■ **EXERCISE**: For each entry below, write an exact copy and leave out the images.

STUDY MATERIAL section start

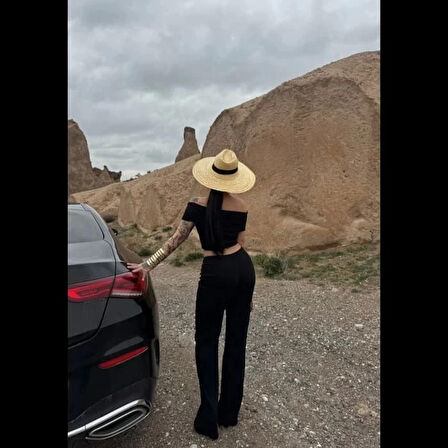 BİÇOMİ Madonna yaka bol paça pantolonlu takım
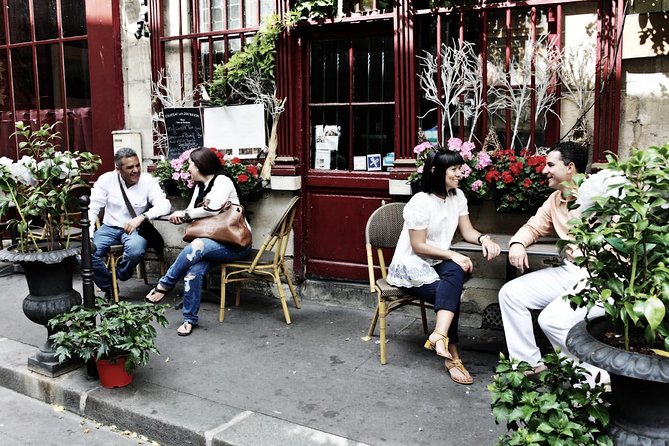 Private Photography Walking Tour of Paris: Latin Quarter or Montmartre - Pricing and Booking Details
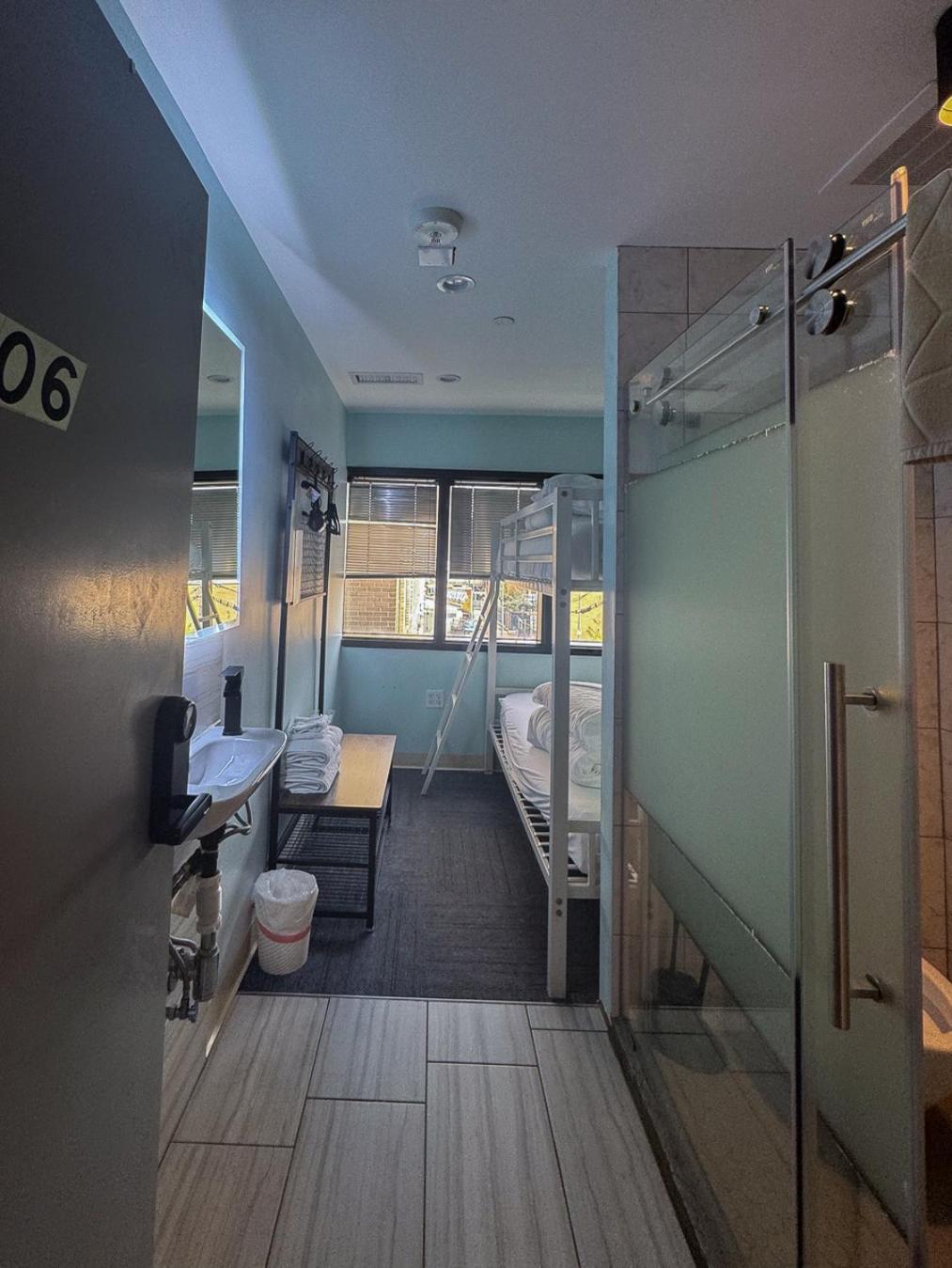U Street Capsule Capsule hotel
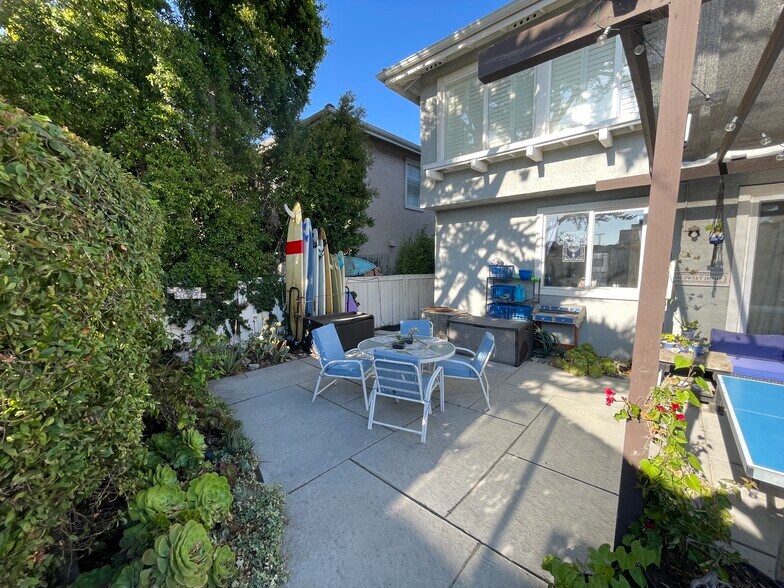 Building Photo - 6899 Evening Song Ct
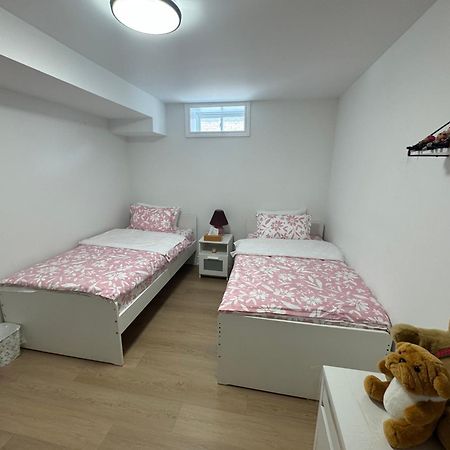 Cozy, Brand-New, 2Bdr,Walkout Apt, Free Parking Richmond Hill Exteriör bild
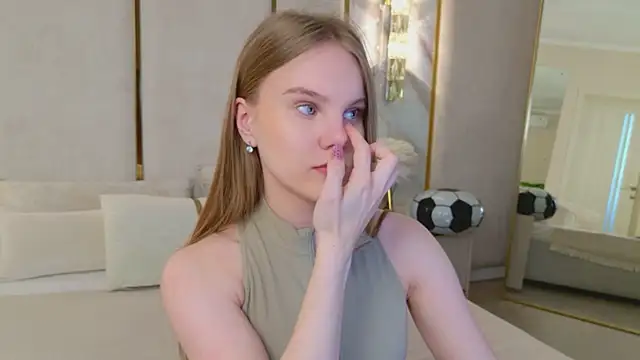 Lili Lohan online show from 07/16/26, 05:02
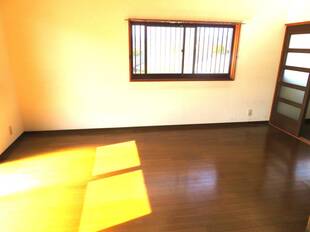 洋室（和室から）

STUDY MATERIAL section end

■ **TASK OUTPUT**:
 BİÇOMİ Madonna yaka bol paça pantolonlu takım
 Private Photography Walking Tour of Paris: Latin Quarter or Montmartre - Pricing and Booking Details
U Street Capsule Capsule hotel
 Building Photo - 6899 Evening Song Ct
 Cozy, Brand-New, 2Bdr,Walkout Apt, Free Parking Richmond Hill Exteriör bild
 Lili Lohan online show from 07/16/26, 05:02
 洋室（和室から）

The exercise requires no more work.